Strengthening professional identity to address the nursing workforce crisis

Associate Professor Erica Schorr evaluates how reflection based on Nine Domains of Acute and Critical Care Practice strengthens students’ professional identity

April 14, 2026
Brett Stursa

Schorr

Building on the framework of Nursing Outlook’s Blueprint for Change, Erica Schorr’s research examines how to strengthen students’ understanding of why nursing matters.

A multi-site study involving the University of Minnesota, Rutgers University, and California State University-Fresno evaluated educational interventions designed to strengthen nursing students’ professional identity and facilitate their transition to practice.

The research addresses a critical workforce challenge: high turnover rates among new nurses, many of whom leave the profession within their first year.

The study examined whether intentionally connecting students’ clinical observations to the Nine Practice Domains of Acute and Critical Care Nursing as outlined in the Nursing Outlook article Call to action: Blueprint for change in acute and critical care nursing could strengthen their professional identity and facilitate their transition to practice.

A key contributor to leaving the profession is that many nursing students struggle to develop a clear professional identity during their education, seeing themselves primarily as task-completers rather than as health care professionals who fundamentally impact patient outcomes.

“Without understanding why nursing matters and how their actions uniquely impact patients, students risk becoming disillusioned technicians rather than engaged professionals. Literature in a variety of fields supports that people don’t just need to know what they do and how they do it, they also need to understand why it matters,” says Associate Professor Erica Schorr, PhD, RN, who led the Minnesota study that focused on strengthening professional identity.

The study focused on Master of Nursing (MN) students in their final semester of nursing school. Half of the student cohort took part in structured conversations after their clinical shifts, where they talked about specific care they had provided or witnessed. They connected those actions to the Nine Practice Domains of Acute and Critical Care Nursing, like creating safe healing environments, collaborating with an interprofessional team, and advocating for patients. The other group completed the semester as usual.

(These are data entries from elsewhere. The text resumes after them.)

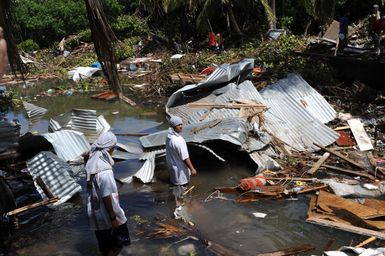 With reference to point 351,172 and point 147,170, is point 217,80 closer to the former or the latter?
point 147,170

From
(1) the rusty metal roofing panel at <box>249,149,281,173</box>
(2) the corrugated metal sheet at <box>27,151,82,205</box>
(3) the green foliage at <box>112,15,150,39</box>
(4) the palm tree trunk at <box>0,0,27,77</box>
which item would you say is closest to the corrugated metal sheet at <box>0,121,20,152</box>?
(2) the corrugated metal sheet at <box>27,151,82,205</box>

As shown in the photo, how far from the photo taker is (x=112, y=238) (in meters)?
5.29

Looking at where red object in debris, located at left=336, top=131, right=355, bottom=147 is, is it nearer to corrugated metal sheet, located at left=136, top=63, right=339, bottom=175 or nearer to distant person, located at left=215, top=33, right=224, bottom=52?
corrugated metal sheet, located at left=136, top=63, right=339, bottom=175

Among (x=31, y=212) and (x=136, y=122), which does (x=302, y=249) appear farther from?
(x=136, y=122)

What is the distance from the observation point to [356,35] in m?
16.8

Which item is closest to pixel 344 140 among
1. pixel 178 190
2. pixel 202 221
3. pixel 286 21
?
pixel 178 190

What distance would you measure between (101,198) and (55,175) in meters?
3.05

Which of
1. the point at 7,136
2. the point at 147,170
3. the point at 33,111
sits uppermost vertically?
the point at 7,136

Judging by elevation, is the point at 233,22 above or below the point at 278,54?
above

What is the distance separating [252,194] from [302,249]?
69.2 inches

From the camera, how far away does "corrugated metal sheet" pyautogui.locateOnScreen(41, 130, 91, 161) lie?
8.66 m

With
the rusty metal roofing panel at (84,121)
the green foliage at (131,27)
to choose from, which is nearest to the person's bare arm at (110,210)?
the rusty metal roofing panel at (84,121)

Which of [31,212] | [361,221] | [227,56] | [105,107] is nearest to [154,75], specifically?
[105,107]

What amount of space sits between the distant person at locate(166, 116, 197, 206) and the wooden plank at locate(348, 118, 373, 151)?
3.76 meters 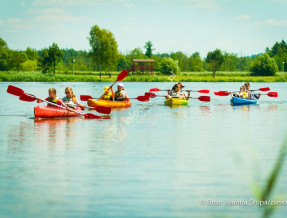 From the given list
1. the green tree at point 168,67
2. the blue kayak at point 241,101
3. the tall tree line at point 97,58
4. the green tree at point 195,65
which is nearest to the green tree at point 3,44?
the tall tree line at point 97,58

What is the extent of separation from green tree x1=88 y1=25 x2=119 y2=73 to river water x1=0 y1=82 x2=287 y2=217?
252 ft

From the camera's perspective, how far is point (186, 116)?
69.4 feet

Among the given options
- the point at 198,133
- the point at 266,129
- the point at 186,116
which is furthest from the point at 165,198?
the point at 186,116

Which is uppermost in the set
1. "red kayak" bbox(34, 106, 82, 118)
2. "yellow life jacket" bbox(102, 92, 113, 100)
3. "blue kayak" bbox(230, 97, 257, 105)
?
"yellow life jacket" bbox(102, 92, 113, 100)

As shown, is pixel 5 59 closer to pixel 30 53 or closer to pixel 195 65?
pixel 30 53

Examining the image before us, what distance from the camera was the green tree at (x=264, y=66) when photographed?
101 m

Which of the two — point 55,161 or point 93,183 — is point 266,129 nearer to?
point 55,161

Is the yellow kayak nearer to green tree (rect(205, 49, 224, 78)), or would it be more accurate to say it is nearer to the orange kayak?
the orange kayak

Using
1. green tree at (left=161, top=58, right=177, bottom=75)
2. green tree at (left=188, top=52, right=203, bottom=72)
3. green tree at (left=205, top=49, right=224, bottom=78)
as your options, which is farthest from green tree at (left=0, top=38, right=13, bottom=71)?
green tree at (left=188, top=52, right=203, bottom=72)

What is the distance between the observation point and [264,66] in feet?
331

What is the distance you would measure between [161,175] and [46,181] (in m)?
1.81

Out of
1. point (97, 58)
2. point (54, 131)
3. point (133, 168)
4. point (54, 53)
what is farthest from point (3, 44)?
point (133, 168)

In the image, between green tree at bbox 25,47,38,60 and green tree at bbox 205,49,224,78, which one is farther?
green tree at bbox 25,47,38,60

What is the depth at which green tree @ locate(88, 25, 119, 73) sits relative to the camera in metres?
93.9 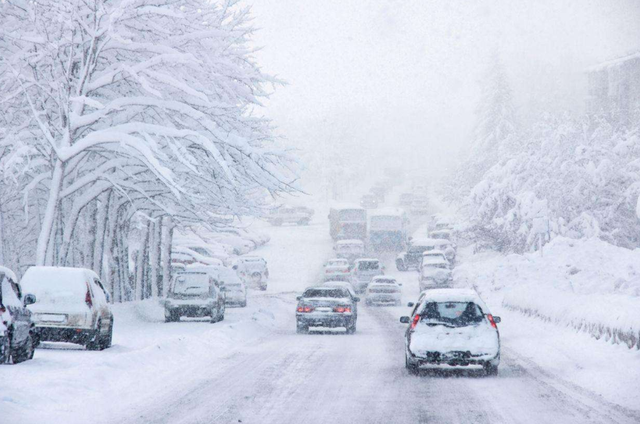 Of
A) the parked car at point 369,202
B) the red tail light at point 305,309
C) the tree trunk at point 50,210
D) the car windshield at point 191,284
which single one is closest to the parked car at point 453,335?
the tree trunk at point 50,210

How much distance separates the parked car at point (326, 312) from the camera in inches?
1119

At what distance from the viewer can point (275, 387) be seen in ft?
47.7

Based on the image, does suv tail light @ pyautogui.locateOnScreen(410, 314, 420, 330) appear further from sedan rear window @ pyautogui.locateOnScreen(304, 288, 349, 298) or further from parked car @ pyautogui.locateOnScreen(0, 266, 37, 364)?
sedan rear window @ pyautogui.locateOnScreen(304, 288, 349, 298)

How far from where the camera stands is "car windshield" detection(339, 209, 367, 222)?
7675 cm

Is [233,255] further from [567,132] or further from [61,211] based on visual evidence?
[61,211]

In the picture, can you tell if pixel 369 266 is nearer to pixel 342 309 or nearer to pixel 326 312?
pixel 342 309

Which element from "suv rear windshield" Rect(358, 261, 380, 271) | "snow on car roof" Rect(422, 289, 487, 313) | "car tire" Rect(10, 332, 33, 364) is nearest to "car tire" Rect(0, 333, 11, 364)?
Answer: "car tire" Rect(10, 332, 33, 364)

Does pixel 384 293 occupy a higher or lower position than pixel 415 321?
lower

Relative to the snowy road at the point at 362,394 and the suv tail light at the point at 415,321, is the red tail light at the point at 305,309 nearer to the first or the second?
the snowy road at the point at 362,394

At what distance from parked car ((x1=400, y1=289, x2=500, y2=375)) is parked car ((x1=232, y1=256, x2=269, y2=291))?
125 feet

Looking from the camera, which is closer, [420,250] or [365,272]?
[365,272]

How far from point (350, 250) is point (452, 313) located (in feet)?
168

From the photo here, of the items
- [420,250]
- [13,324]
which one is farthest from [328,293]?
[420,250]

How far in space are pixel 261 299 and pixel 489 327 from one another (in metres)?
34.1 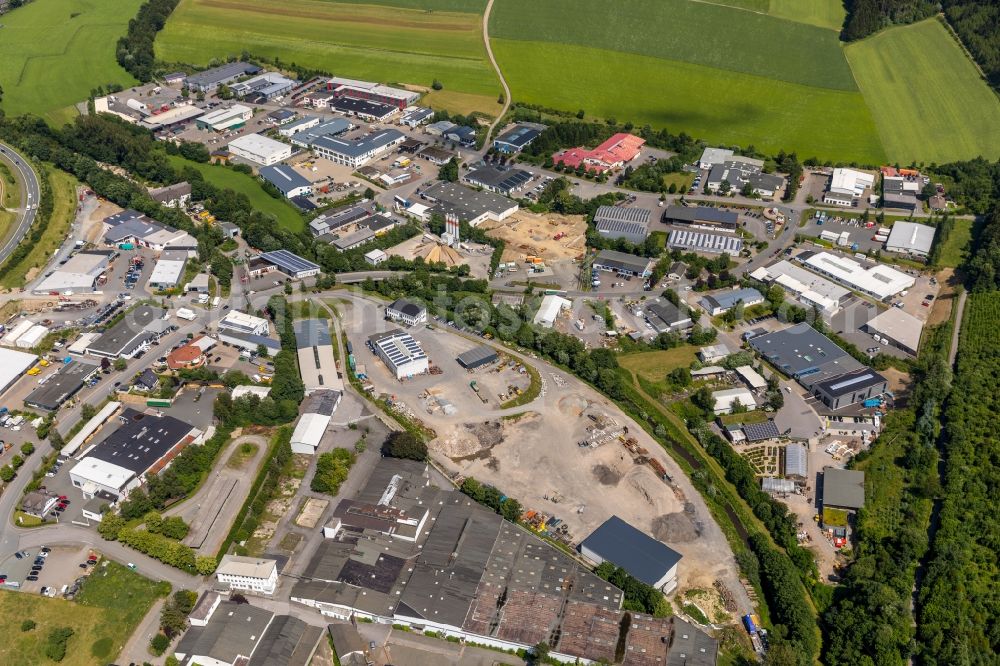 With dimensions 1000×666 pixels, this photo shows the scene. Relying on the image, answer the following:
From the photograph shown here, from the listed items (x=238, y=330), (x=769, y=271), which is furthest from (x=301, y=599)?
(x=769, y=271)

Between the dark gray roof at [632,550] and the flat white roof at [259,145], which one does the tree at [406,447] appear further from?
the flat white roof at [259,145]

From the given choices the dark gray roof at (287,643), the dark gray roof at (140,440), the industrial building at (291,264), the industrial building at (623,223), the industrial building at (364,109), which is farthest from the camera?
the industrial building at (364,109)

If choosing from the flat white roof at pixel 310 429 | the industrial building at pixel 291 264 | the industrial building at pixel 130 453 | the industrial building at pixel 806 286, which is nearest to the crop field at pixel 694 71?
the industrial building at pixel 806 286

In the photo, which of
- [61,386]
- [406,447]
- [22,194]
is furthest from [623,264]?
[22,194]

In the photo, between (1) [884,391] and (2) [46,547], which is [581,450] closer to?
(1) [884,391]

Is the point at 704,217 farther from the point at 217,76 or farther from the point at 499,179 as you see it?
the point at 217,76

At the start and end of the semester, all students completed the MacLeod Professional Identity Scale, which is a survey designed to measure how strongly students identify with the nursing profession. They also kept reflective journals throughout the semester, using a validated journaling framework.

The intervention group showed favorable changes. Most notably, the study found a statistically significant reduction in professional shame among students who engaged in the domain-based reflections.

“By helping students see and name the sophisticated, meaningful work that nurses do, through the lens of the Nine Practice Domains, we’re not just teaching them what nursing is. We’re helping them become the nurses they aspire to be, with the professional identity, confidence, and clarity of purpose needed to thrive in practice and consistently deliver care that improves patient outcomes,” says Schorr.